Who’s trying to say that the Prisoner’s Dilemma == morality’ All I’ve heard in the literature is the very plausible argument from Axelrod et. al. that situations arising in natural selection that can be modeled by the Iterated Prisoner’s Dilemma give rise to seemingly altruistic behavior that, in humans, could explain in naturalistic terms the origin and evolutionary success of morality.

I like Keith's argument that we need to find a way to rephrase social problems so as to avoid the Prisoner's Dilemma entirely, but I think this is largely an impossible task, aside from ruinously forceful intrusion of the government into personal liberties. And even in that scenario, what the government decides is "right" is not neccessarily so. You can never escape the Henkins paradox when dealing with issues sch as Right and Wrong in dealing with social policy.

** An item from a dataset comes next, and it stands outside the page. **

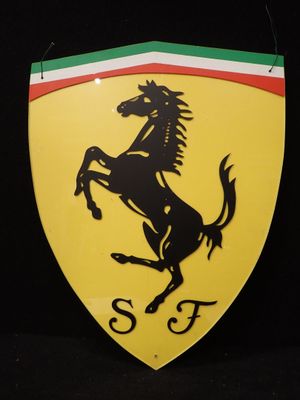 logo Ferrari sur un bouclier jaune orné d'une bande rouge, blanche et verte
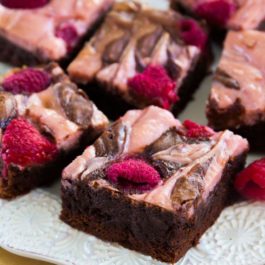 raspberry cheesecake brownies on a white plate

While I agree with the last sentence at least to the extent that we’ll rarely have unanimity on the right course of action, I disagree with Aziz’s pessimism that any government interventions must be ruinous to personal liberty and with the implication that we should do nothing even if the preponderance of evidence indicates we should.

In fact, the Prisoner’s Dilemma shows us how to take appropriate action in a minimally interventionalist way. The EPA’s SO2 emissions trading scheme is a great example. Here’s a pollutant that causes acid rain’a social negative only partially felt by the actor (energy company) causing the problem by burning coal to generate electricity for sale (the pay-off that’s all theirs, creating an incentive to pump more SO2 into the atmosphere). The EPA could’ve banned SO2, but that would’ve (in the short term, for certain companies and localities) been economically disastrous. So they instituted caps and started a emissions credit trading market that changed the pay-off matrix such that emissions would be reduced without micromanaging regulation for each utility.

Of course, we’re all used to and appreciative of much more intrusive regulation on a personal level already. Enforcing property rights is one way the government right now avoids situations where the pay-off matrix in a single-shot interaction favors ‘defection’ as in stealing and plundering. We’ve accepted the restriction on personal liberty to not take another’s property and it’s served us well to have government enforce such regulations strictly.

The bottom line is that the intervention must be proportional to the harm. The real problem with government intervention is in the disagreements in assessing harm and therefore the level of regulation required to avoid it.